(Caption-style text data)
== Segment start ==

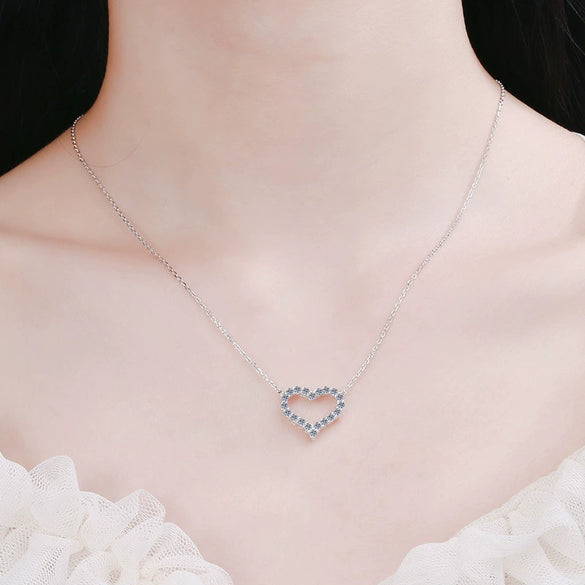 Wholesale Women's Love Pendant Necklace S925 Sterling Silver Plated With Pt950 Gold Heart Pattern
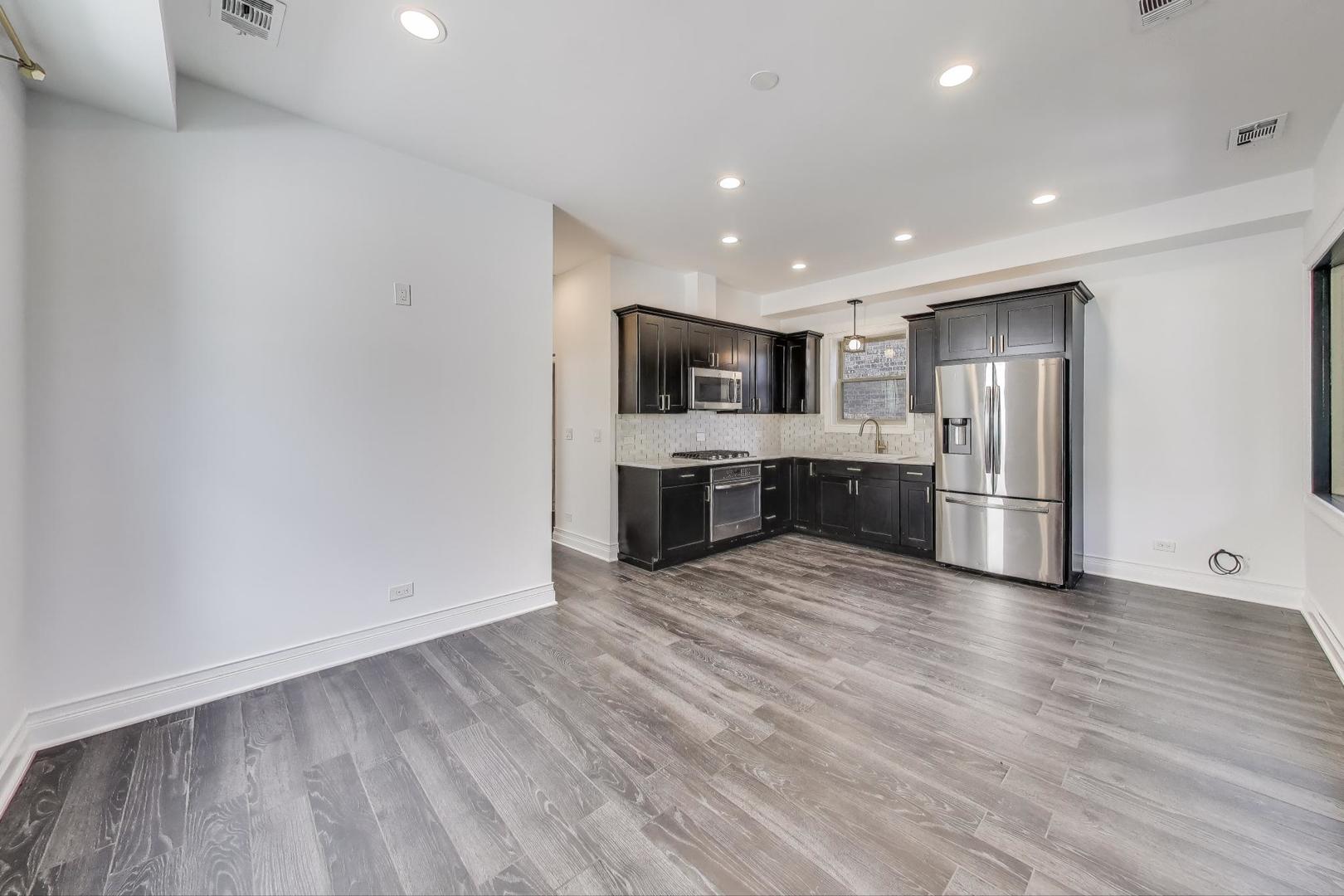 3043 N Monticello Avenue #2, Chicago, IL 60618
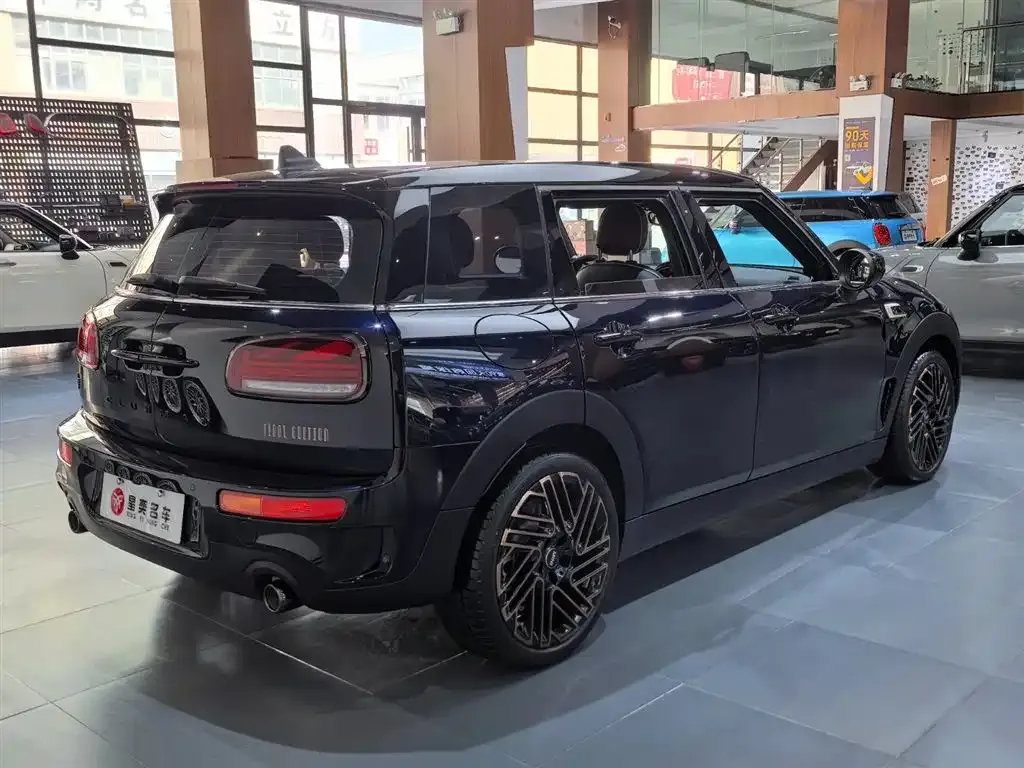 [object Object] Mini Clubman 2024 из CN, фото 5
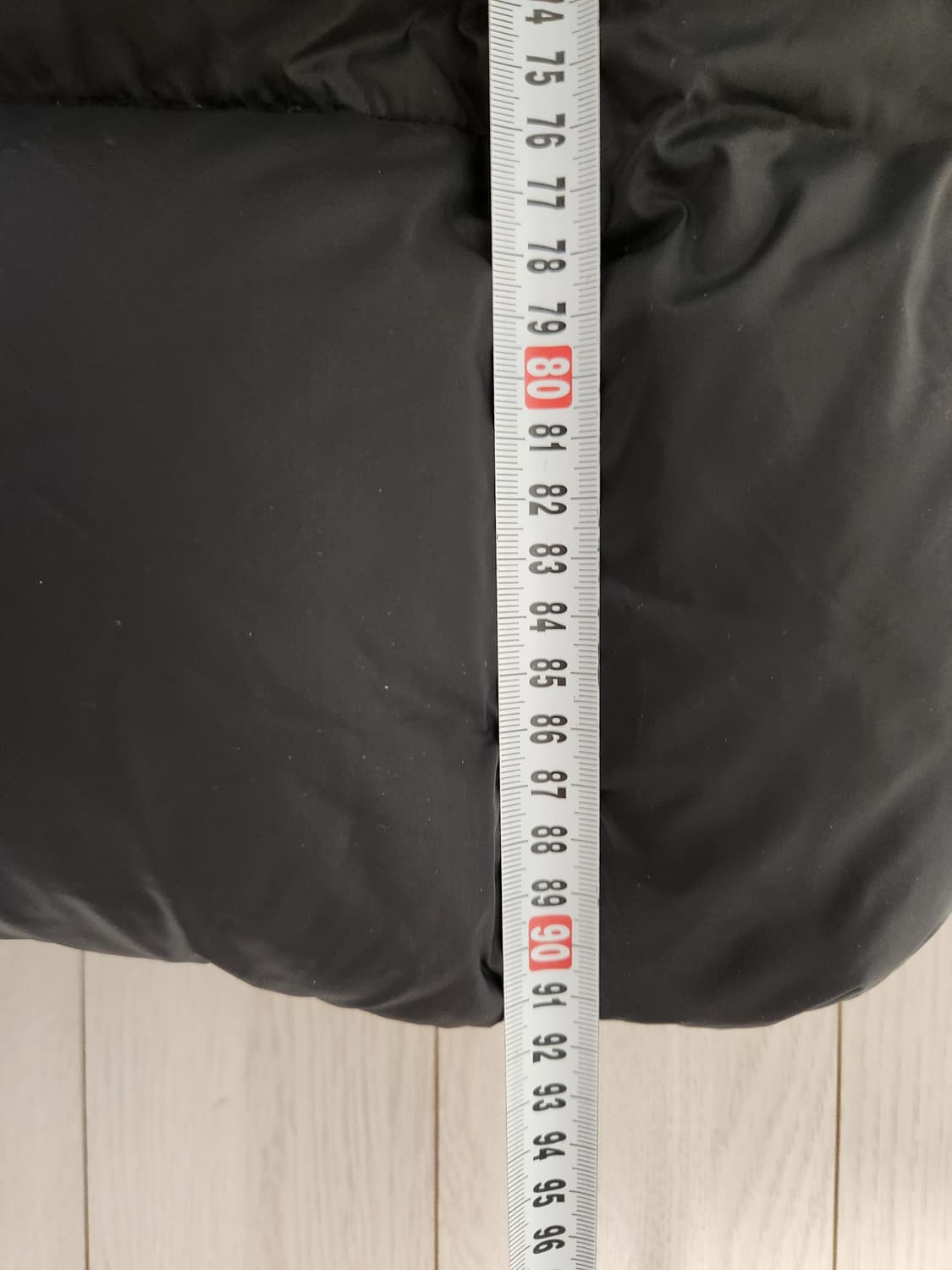 블랙야크 블랙 롱패딩 사이즈165(성인여성m정도)

여러 중고사이트에도  상품이미지3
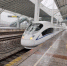 27日上午，G55702次试运行列车驶离南通站，盐通高铁进入试运行阶段。　陆应果　摄 - 江苏新闻网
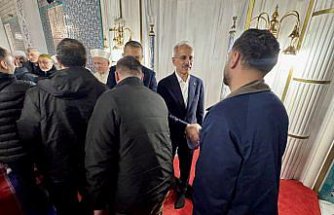 Ulaştırma ve Altyapı Bakanı Uraloğlu, bayram namazını Trabzon'da kıldı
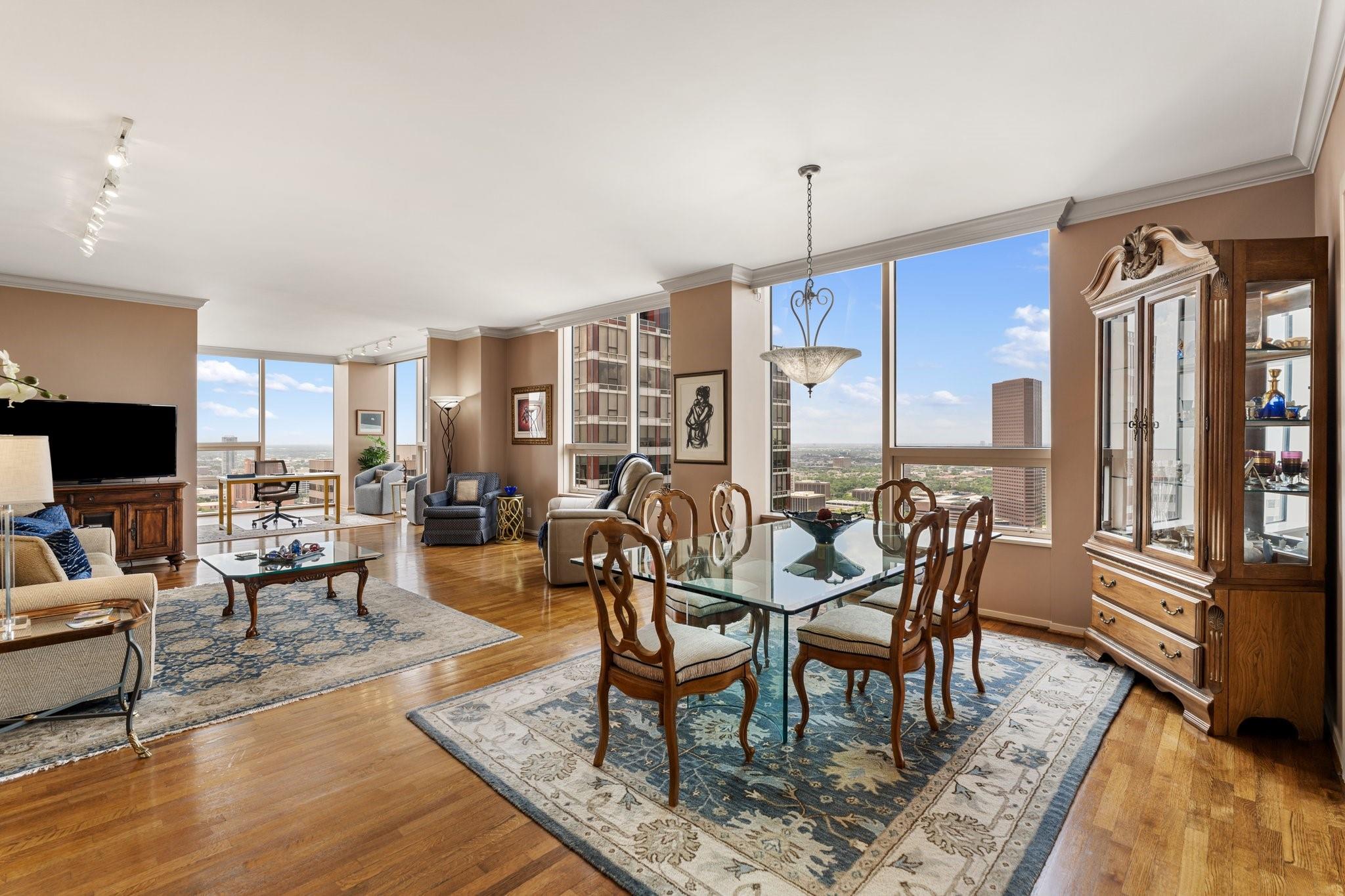 5100 San Felipe Street # 353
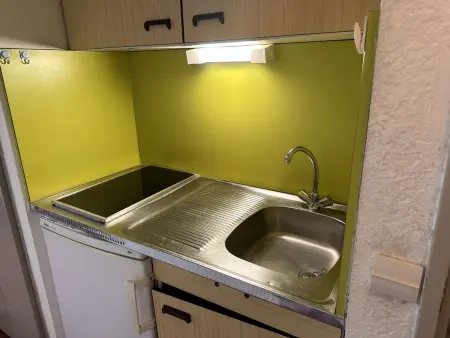 Studio cabine avec piscine et terrasse vue port, Port Camargue : photo 13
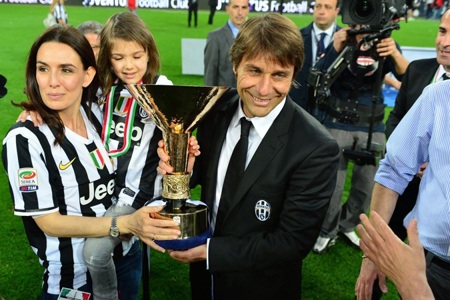 Juventus giương cao Scudetto trong "bữa tiệc" cảm xúc - 12 Artuto Vidal, người được cầu là Cầu thủ xuất sắc nhất Juventus mùa này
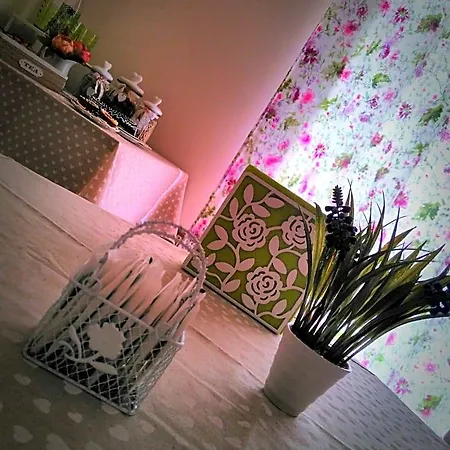 Bed & Breakfast L'angolo Fiorito 3*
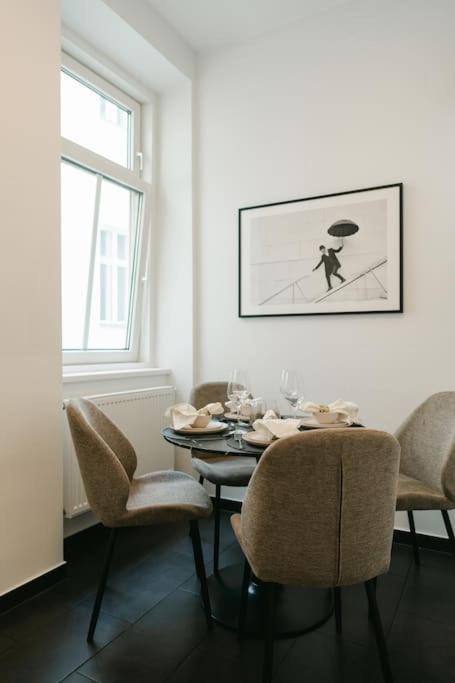 Photo of Others in Altlerchenfeld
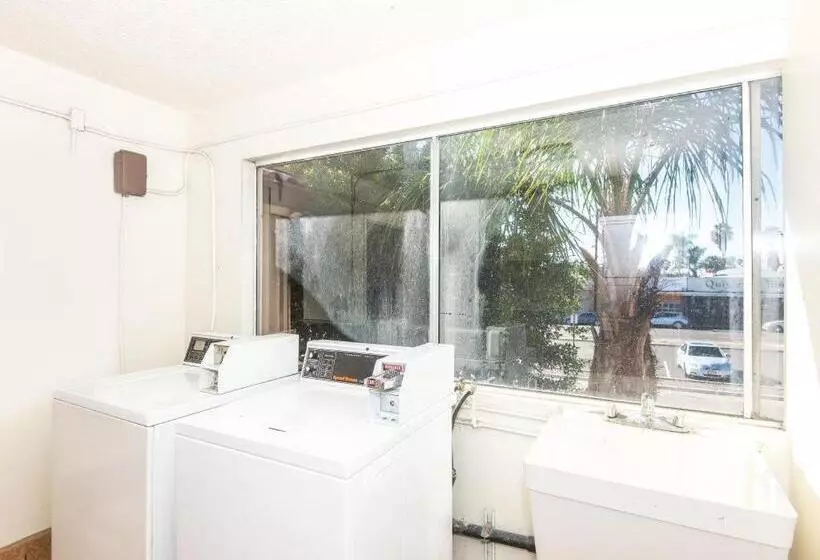 ホテル Sea Rock Inn Los Angeles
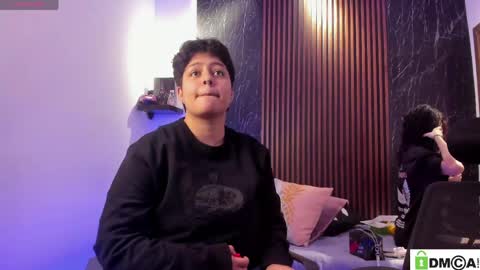pretty_honey22 online show from 05-31-26, 07:59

== Segment end ==

#### [What is needed]
Every line between the one containing "3043 N Monticello" and the last line of the data above, both included, should be copied exactly, but not the pictures.

#### [Answer to this task]
 3043 N Monticello Avenue #2, Chicago, IL 60618
 [object Object] Mini Clubman 2024 из CN, фото 5
 블랙야크 블랙 롱패딩 사이즈165(성인여성m정도)

여러 중고사이트에도  상품이미지3
 27日上午，G55702次试运行列车驶离南通站，盐通高铁进入试运行阶段。　陆应果　摄 - 江苏新闻网
 Ulaştırma ve Altyapı Bakanı Uraloğlu, bayram namazını Trabzon'da kıldı
 5100 San Felipe Street # 353
 Studio cabine avec piscine et terrasse vue port, Port Camargue : photo 13
 Juventus giương cao Scudetto trong "bữa tiệc" cảm xúc - 12 Artuto Vidal, người được cầu là Cầu thủ xuất sắc nhất Juventus mùa này
 Bed & Breakfast L'angolo Fiorito 3*
 Photo of Others in Altlerchenfeld
 ホテル Sea Rock Inn Los Angeles
pretty_honey22 online show from 05-31-26, 07:59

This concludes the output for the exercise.